ICC オープン・スペース2019「別の見方で」/キッズ・プログラム2019「スポーツ研究所」

●東京オペラシティの上階にあるNTTインターコミュニケーション・センター (ICC)へ。ここは先端テクノロジーを活用したさまざまなメディアアートが展示されている憩いの場。以下、入場無料の展示をふたつ。
ノンフェイシャル・ポートレイト
●まずは長期展示であるオープン・スペース2019「別の見方で」。特におもしろかったのは、上記写真の「ノンフェイシャル・ポートレイト」(シンスンベク・キムヨンフン)。それぞれ異なる画家が描いた肖像画らしきものと制作過程を記録した映像がいっしょに展示されている。これは「肖像画がAIに顔認識されたらアウト」というルールで描いたもの。つまり、人間には顔に見えるけど、AIには顔に見えないという狭い領域を探りながら描かれた肖像画なんである。

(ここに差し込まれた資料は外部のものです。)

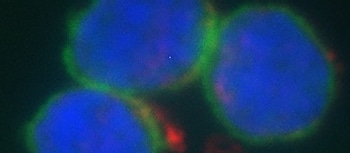 Study Shows Positive Impact of Gold Nanoparticles on Human B Lymphocytes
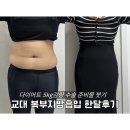 개인택시 영양군지부 | 교대 복부 지방흡입 5kg감량 수술 당일 준비물 통증, 붓기, 한달차 변화 후기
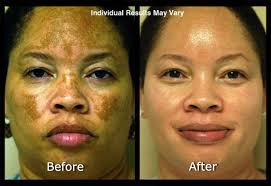 Pigmentation of the skin can occur just about anywhere on the body for a variety of reasons. Hyperpigmentation Scottsdale Skin Spot And Discoloration Treatments Phoenix Hyperpigmentation Treatments Arizona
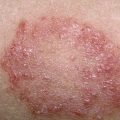 12283 3 انواع الامراض الجلدية - اسباب الامراض الجلدية U19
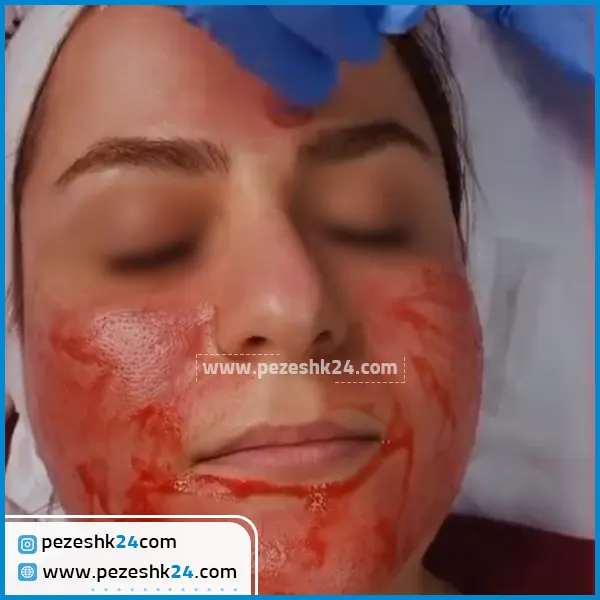 میکرونیدلینگ مشهد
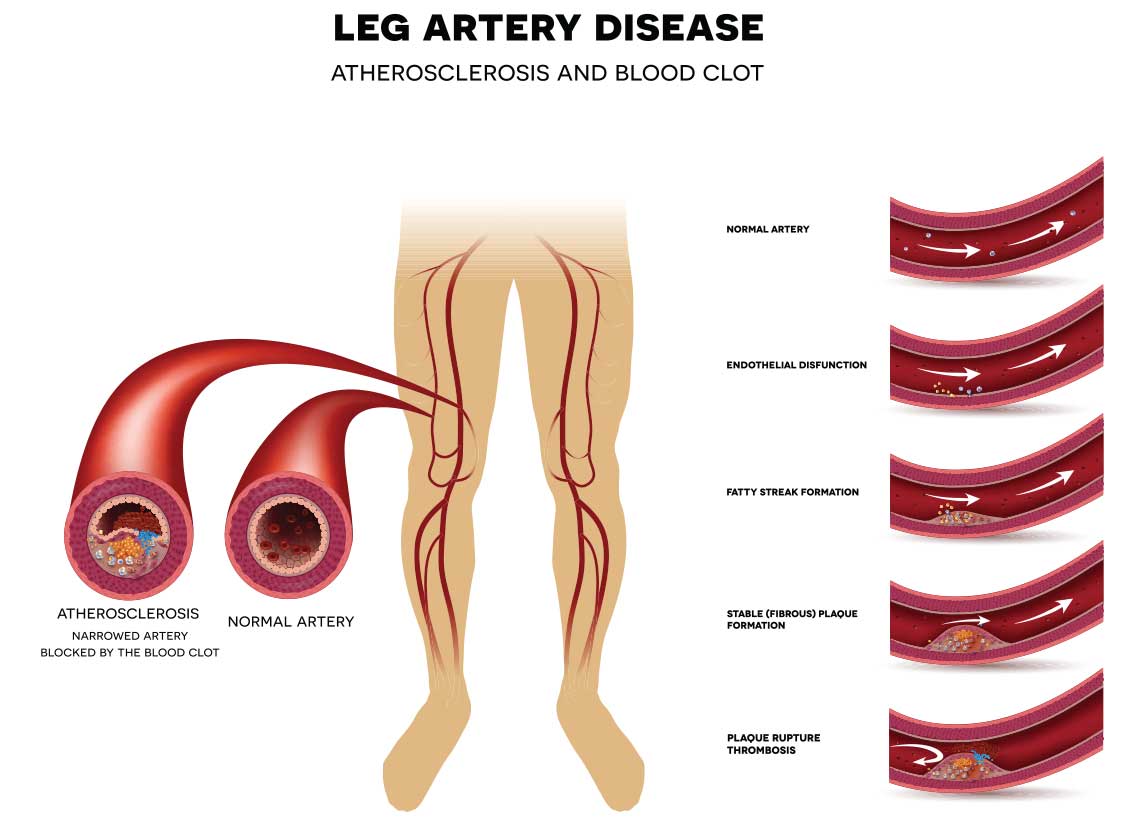 leg artery disease illustration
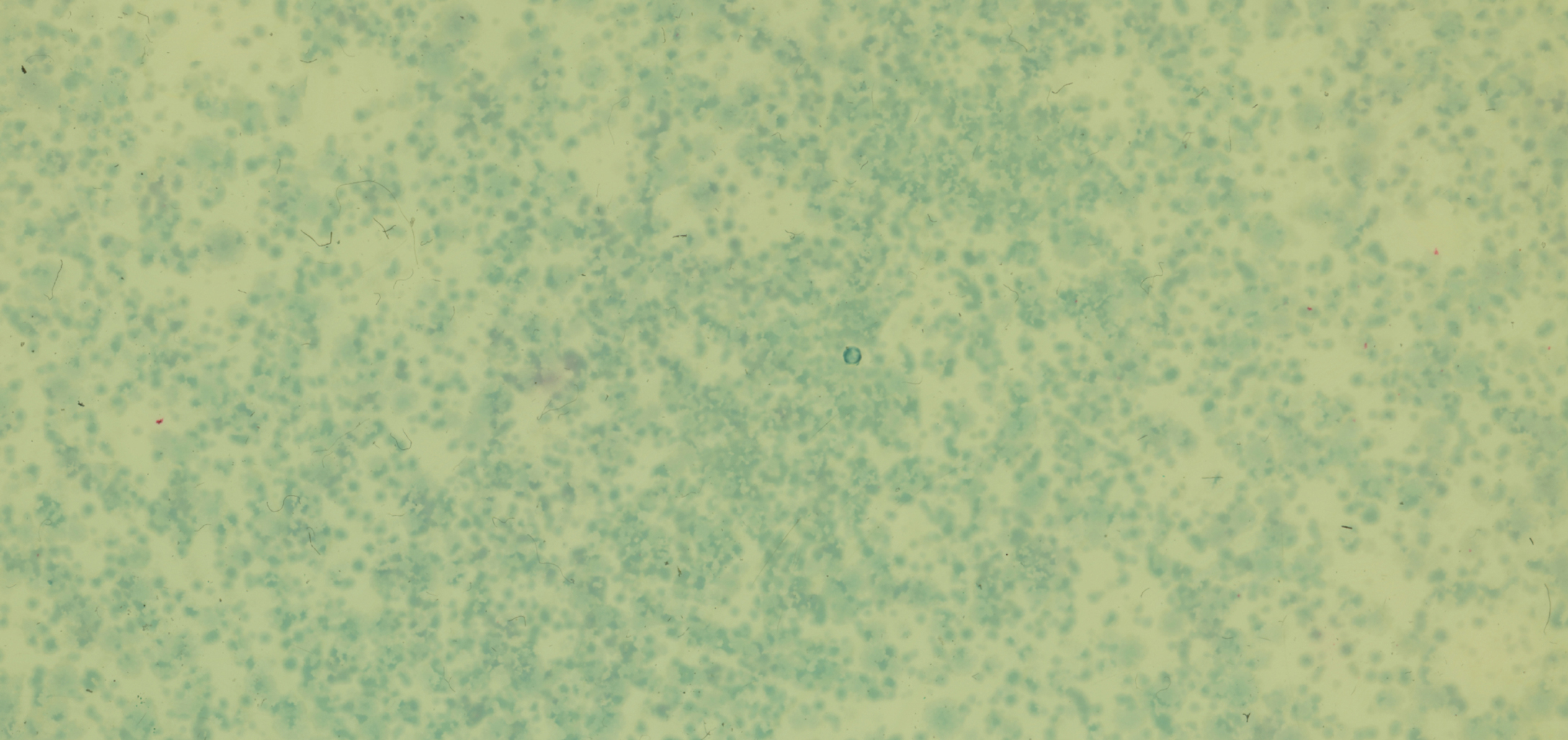 Lactobacillus crispatus: Your Vagina’s Microscopic Bodyguard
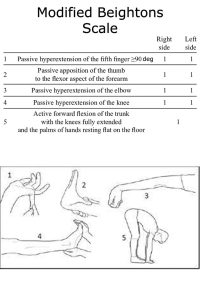The Modified Beighton's Scale is used to diagnose BJHS
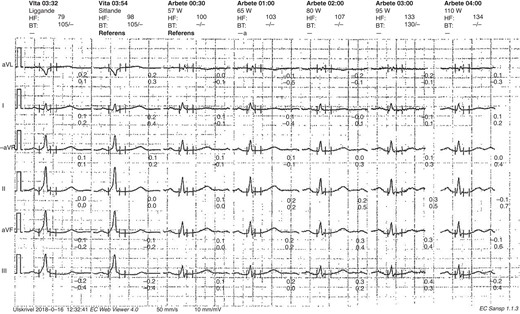 Sudden loss of pre-excitation during EST in an asymptomatic patient. EST, exercise stress test.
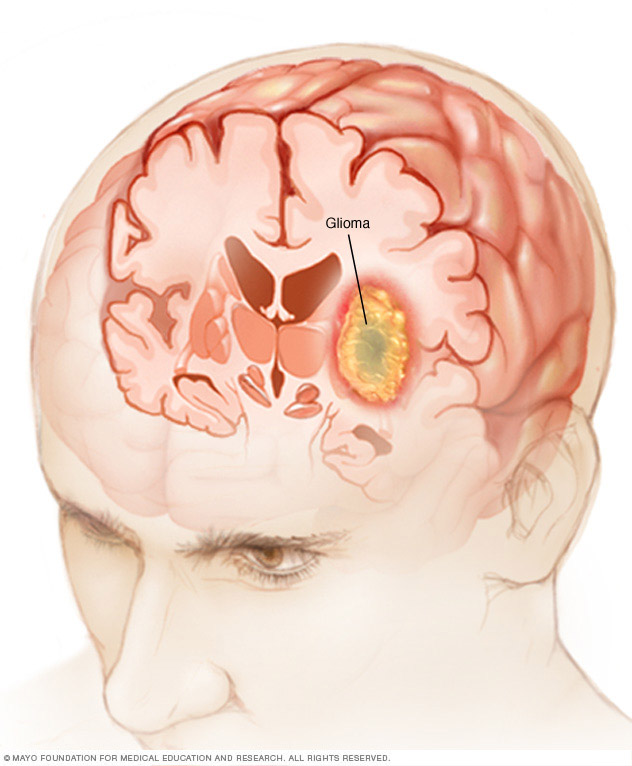 El glioma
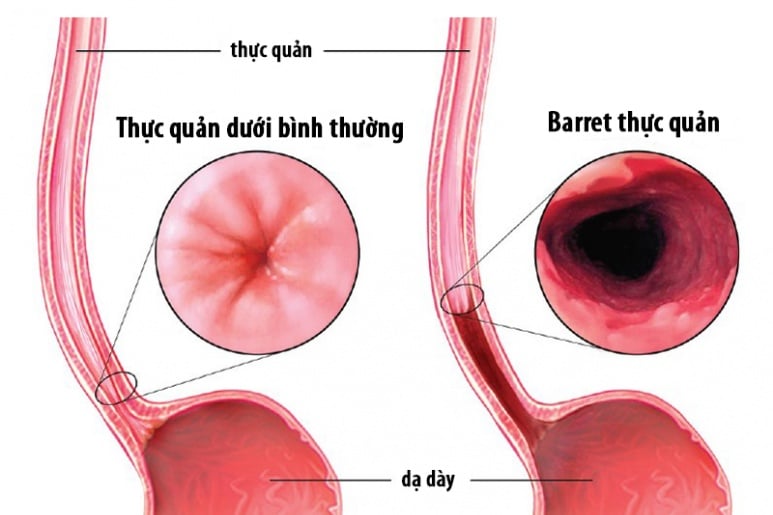 Barrett thực quản - Ảnh minh họa 2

●その他印象的だったのは、以前Bunkamuraの「オテロ」の映像演出で物議をかもした真鍋大度らによる立体映像技術を用いた作品「Light Field Theater」、3種類のCPUと対戦できる三目並べを9台のディスプレイに展開したJODIによる「OXO」など。「OXO」はフツーに三目並べとして遊べるのだが、累積対戦成績が表示されているのがミソ。人間はけっこう負ける、ぼんやりするがゆえに。
手のひらで感じるテニス
●もうひとつの展示は毎夏恒例のキッズ・プログラムで、今年は「見る、楽しむ、考える スポーツ研究所」というテーマ。写真は「手のひらで感じるテニス」(伊藤亜紗、林阿希子、渡邊淳司)。テニスコート型の台に両手を置いて、小型モニタに映されたテニスの試合を見る。すると、打球のインパクトなどが手のひらに振動として伝わってくる。
●スポーツを題材にした割には、全体に小ぢんまりしているというか、ダイナミズムの稀薄な作品が多かったような気がするのだが、そのなかで「Sequences/Consequences」(中路景暁)にはフィジカルな快感が映像から間接的に伝わってきた。ベルトコンベアの上に置いたカップやドミノを落としたり受け止めたりするだけのパフォーマンスなのだが、原初的なスポーツはそういうものだったんだろうなと思わせる。